Today was one of those days when you travel a long way to cover a shorter distance. We began on the Kingston Peninsula at Whitehead and walked to Clifton Royal for a superb lunch. Then it was on to the Gondola Point Ferry thence to St. Paul’s, Rothesay. This involved us travelling in a big horseshoe, passing where we had begun on the other side of the river. It would have been much shorter to swim across.
It reminded me of an illustration by C. S. Lewis, describing the journey to faith in Christ. He said there are times when the destination can be seen from the mountain path and it is so close you can toss a rock down to it. The problem is that the descent is too steep and dangerous, consequently one has to complete another circuit to arrive.

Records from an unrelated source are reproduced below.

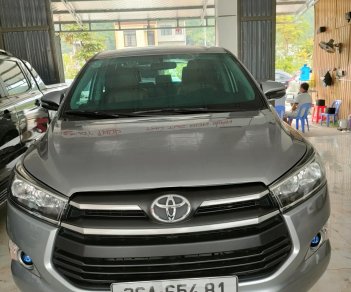 Toyota Innova 2019 - Cần bán lại xe giá cực tốt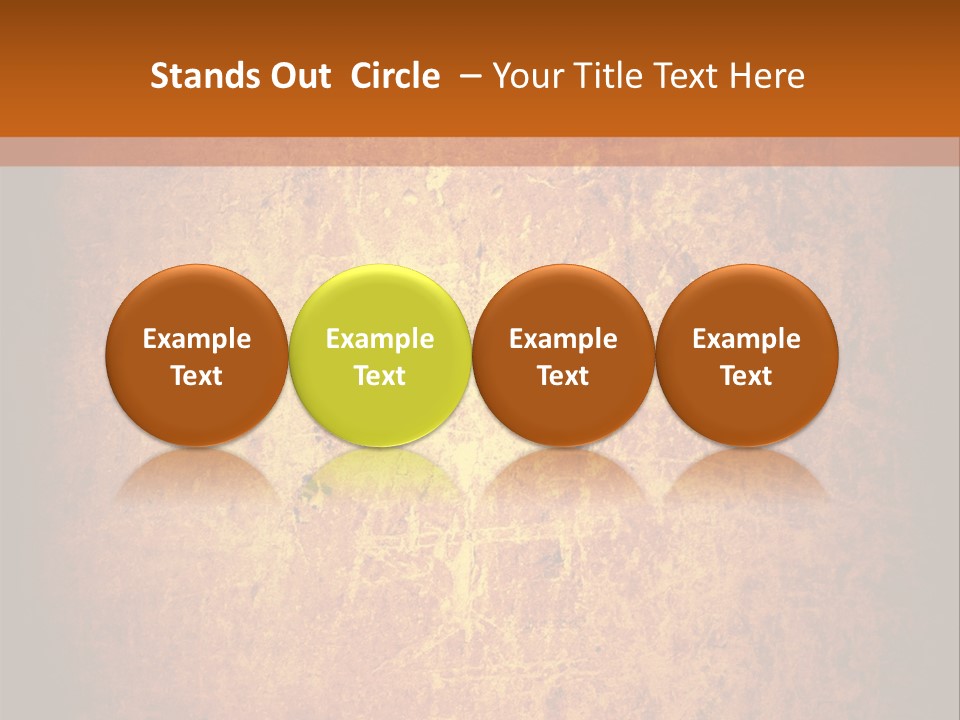 Sea Ocean Water PowerPoint Template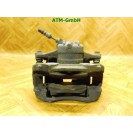 Bremssattel vorne links Peugeot 207 SW Fahrerseite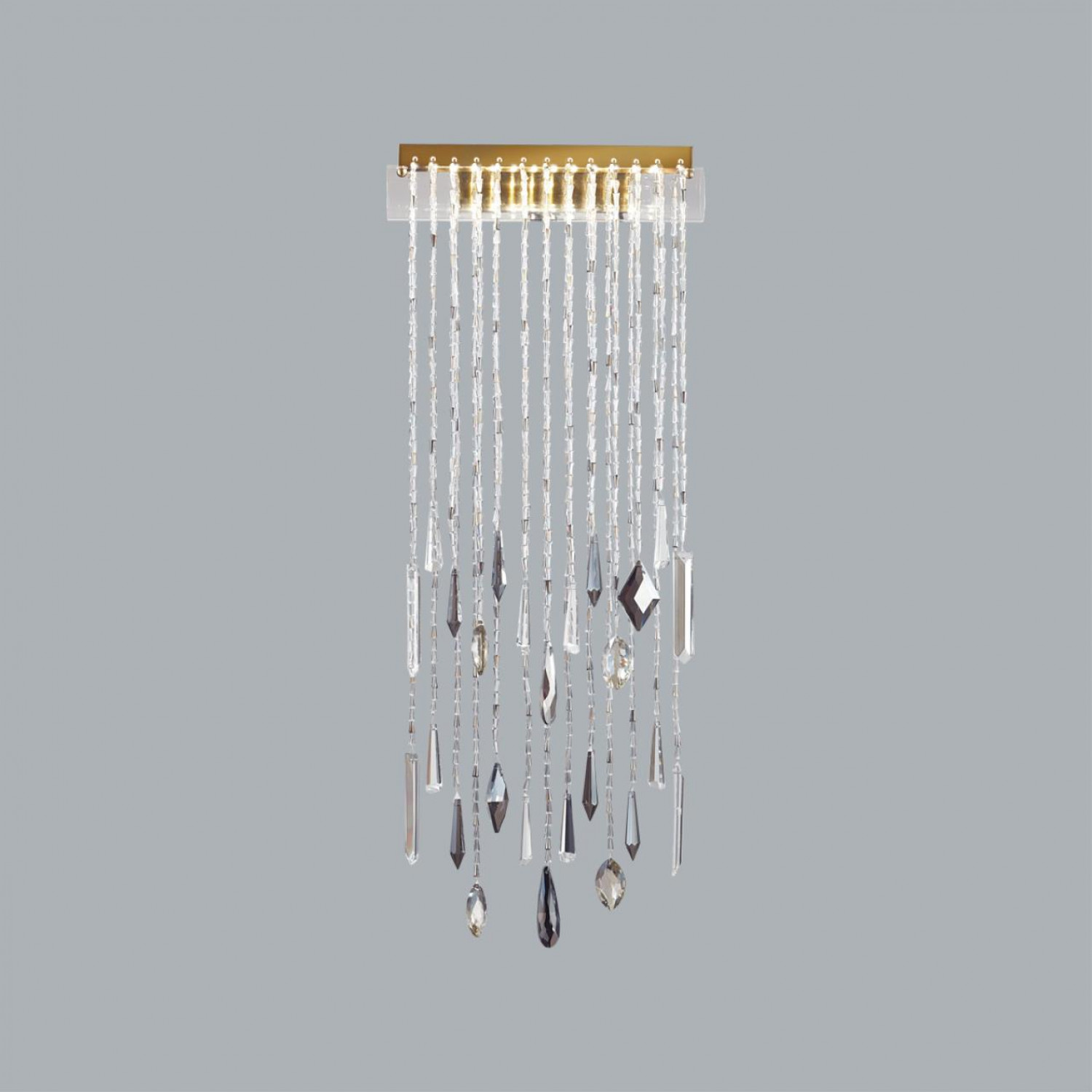 Настенный светильник Odeon Light 5420/10WL AFINA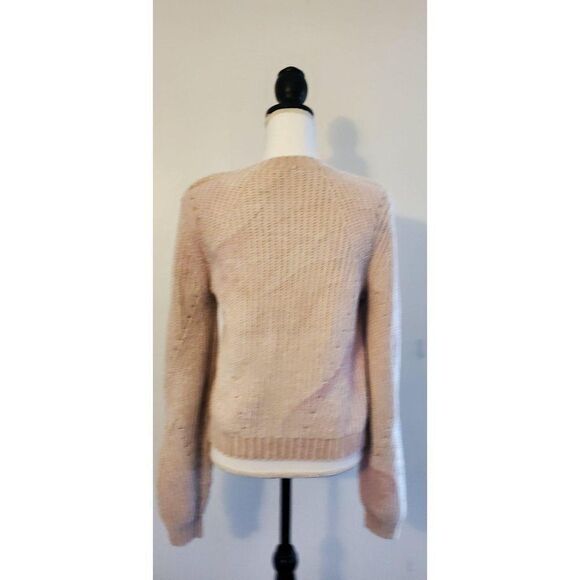 Sanctuary Pullover XS Over the rainbow Cashmere - Picture 7 of 9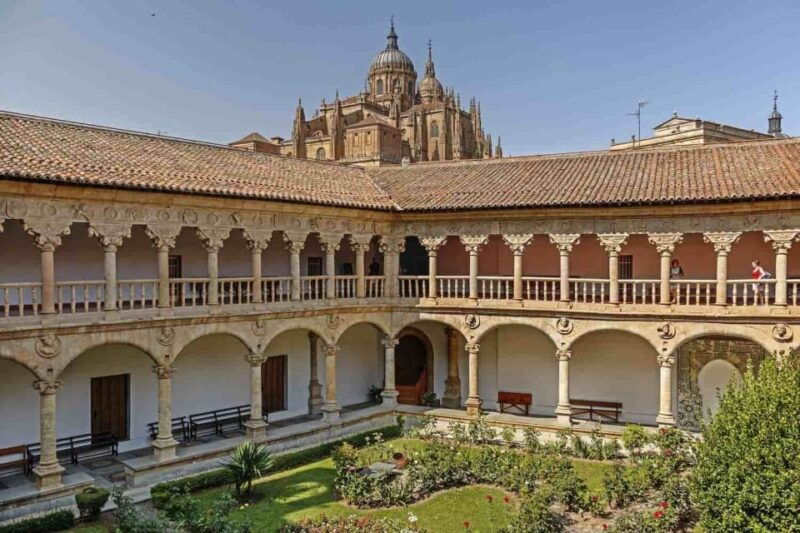 salamanca-private-guided-customizable-walking-tour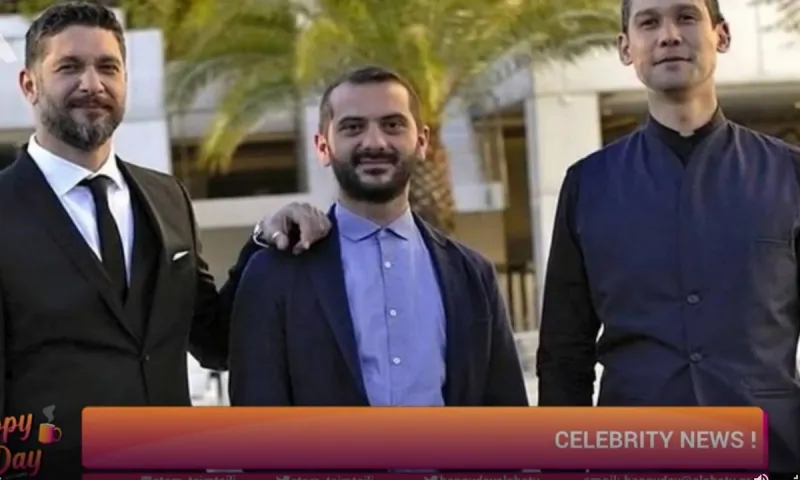 MasterChef 7/4: Έτσι χαλαρώνουν οι κριτές - Πώς σχολιάστηκαν οι παίκτες (vids)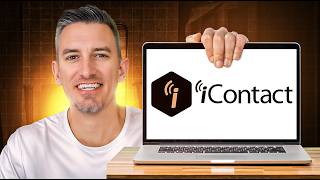 How to Grow Your Email List 10X with iContact The Ultimate Email Marketing Tutorial for Beginners [upl. by Darrell]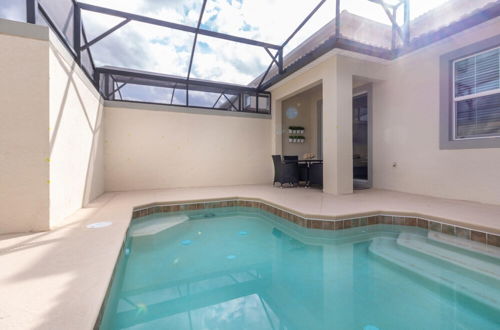 Photo 20 - 8945 SD - Elegant 5-bed Townhome Private Pool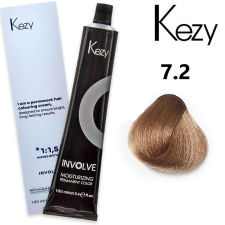 Kezy Involve hajfesték 7.2 hajfesték, színező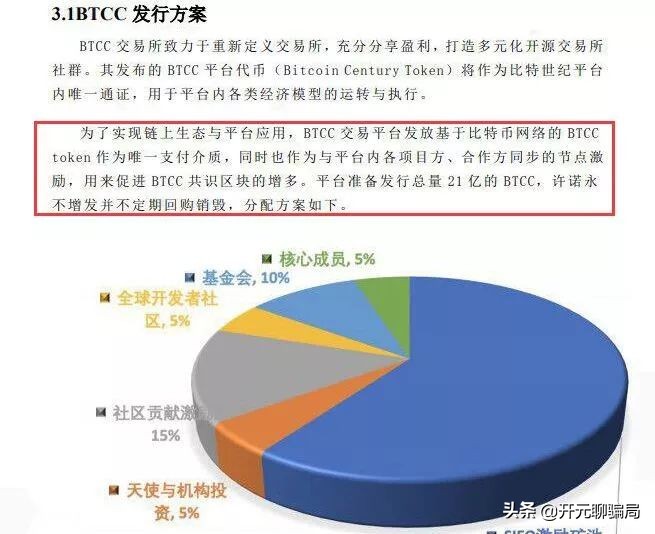 btcc交易平台靠谱吗（如何注册教程） 火币资讯 第3张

One of the problems with people like me, those whose primary call is evangelism, is that too often we try to rush people into the Kingdom of God. Today I was speaking with someone who had returned to his boyhood community after being away for many years. During that time, he had seldom engaged with the life of the Church. His return to his roots led him home in more ways than mere geography.
This evening it was my privilege to commission Erin Hodge into Threshold Ministries (formerly Church Army Canada). She has been working for Inner City Youth Ministries in Saint John for the last few years, as well as studying at St. Stephen’s University. Erin has done a tremendous job, building on the work of Bonnie Hunt in the port city.
Just before the service a little light bulb went off in my head. Today is the 30th anniversary of my being commissioned to the ministry of evangelist in Church Army UK. It brought back many memories for me of another place and time. It is remarkable how God rules and overrules in one’s life, leading to outcomes which cannot be imagined.
Evangelism is about proclaiming the good news of Jesus in word and action. It is part of the mission of God through his Church. Evangelists are often left out of the picture when it comes to ministry, because they can be disrupters. In a sense, as I reflect upon 30 years of ministry, I wonder if I have been tamed? I think I need to think about that a little more.